Portland Auxiliary Bishop Peter L. Smith, a native of South Africa, survived a laborious 13-year process to become a naturalized citizen of the United States. He thinks the nation should remember its vaunted entrepreneurial spirit comes from immigrants.

“We have this picture presented that they are freeloaders,” Bishop Smith says. “People don’t appreciate how much courage it takes to be an immigrant.”

He admits that few Oregonians think of him as foreign born because he is white and his speech patterns have become more American over the past 34 years. He feels compassion for immigrants who must manage larger racial, cultural and language differences; he sees them in Catholic parishes all over western Oregon.

“Coming to another nation is not as simple as people think,” Bishop Smith says, comparing a culture change to having threads ripped out of a tapestry and replaced.

He admires today’s immigrants, he says, because many are escaping danger or uprooting themselves and making sacrifices to help their children and future generations.

“We need to harness the courageous spirit of immigrants,” he says.

Even for him, the legal immigration process was “arduous, to say the least.”

He came to the United States in 1983 on a temporary visa to visit the People of Praise, the charismatic Christian community to which he belongs. He quickly decided that he wanted to spend his life as part of the group, which is based in South Bend, Indiana. That began his long trek for permanent residency, or a green card.

“On every avenue that we took to try and get that, we were just blocked,” he says. “It was bureaucracy at its finest. If the thing fits clearly within a category, the answer is ‘OK.’ But if it doesn’t and there is some gray area or they are uncertain, bureaucrats tend to be conservative.”

He took a trip home to see family in South Africa. A trained attorney, he knew he must have all his papers in order and did everything U.S. officials asked. But when he tried to get back into the United States, he and an Iranian man were pulled into interrogation rooms and forcefully questioned.

He stood his ground, showing all he had done to comply. A supervisor decided to let him enter, but charged $15 for a visa extension, even though the future priest and bishop was not at fault.

He had an urge to complain, but paid instead.

“This voice in the back my head said, ‘Be quiet, give him the money and move on.'”

Later, during the permanent residency application process, he was forbidden from leaving the United States. During that five years, three of his siblings were married. They mailed him pieces of wedding cake.

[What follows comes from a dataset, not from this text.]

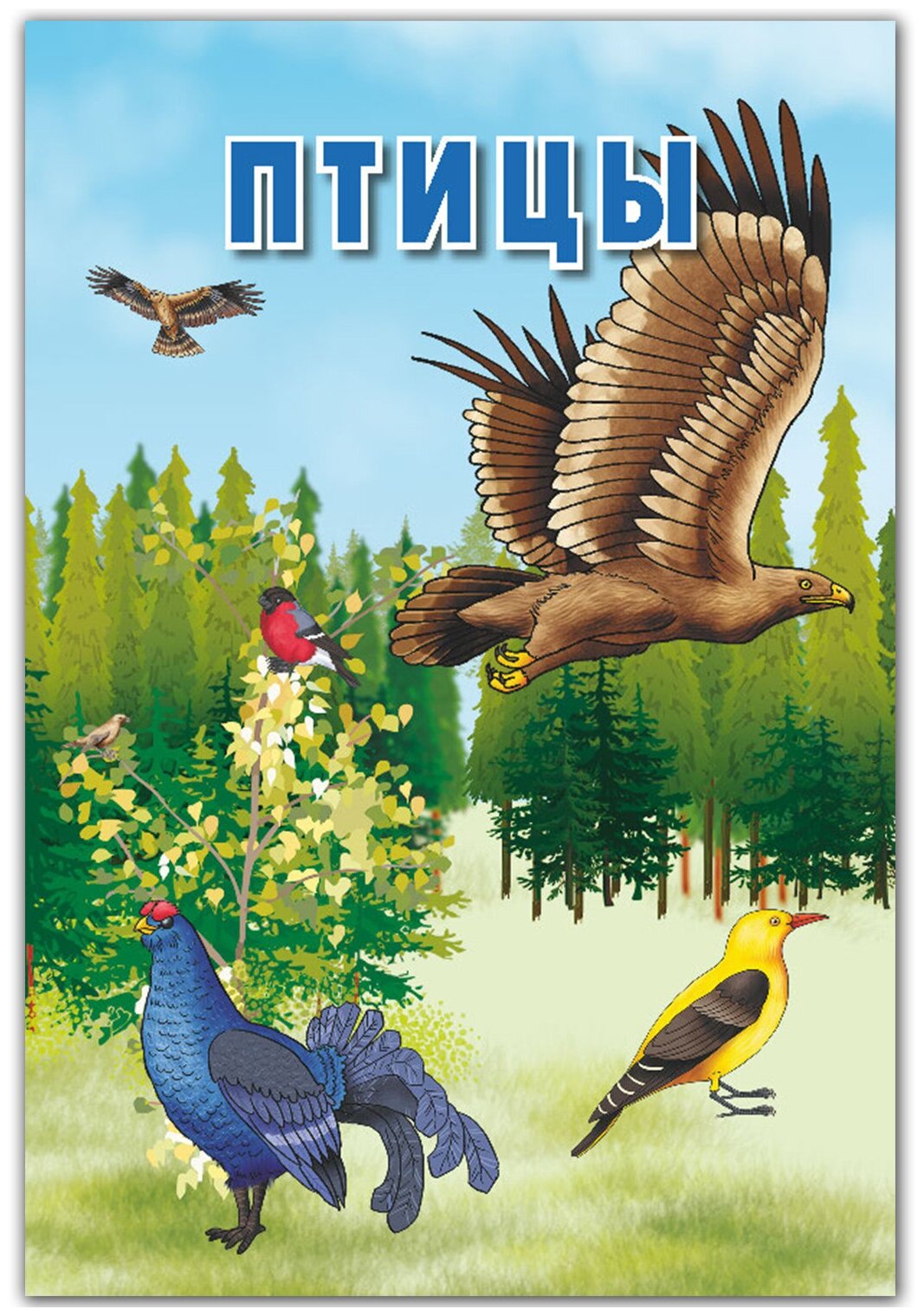Карточки. Птицы. Интересные факты о каждой птице. 15 карточек РУЗ Ко - фото №1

His grandmother died.

“I had to play by the rules,” Bishop Smith recalled. “It was at times fairly challenging.”

He was about to give up, but his spiritual director helped him see that the setbacks were small compared to the larger movement God had brought into his life.

In 1990, he was approved for a green card. Shortly after, he moved from Indiana to Minnesota as a brother in the Brotherhood of the People of Praise. He discerned a priestly vocation, and in 1996 came to Oregon to join a People of Praise community here and begin studies at Mount Angel Seminary.

In 1997, he was summoned to a federal immigration office in Portland for an interview because he had fulfilled the time span required to begin citizenship proceedings. He was worried about the conversation, since the Archdiocese of Portland and government officials were on opposite sides in matters such as assisted suicide and a tape-recorded jailhouse confession.

The official noted the seminary on his record and he thought, “Oh-oh. Here we go.” But the woman smiled and said, “I think that’s wonderful.” It altered his feeling about immigration authorities.

He later gathered with 150 people from all over the world, raised his hand and became a citizen.

“The support of friends and the prayers of friends in this whole process was key,” he said, offering words of support to immigrants today: “Don’t despair. Don’t give up. Keep working until we find the way.”

He was ordained a priest in 2001 and in 2014 was named an auxiliary bishop for Portland, which is headed by Archbishop Alexander K. Sample.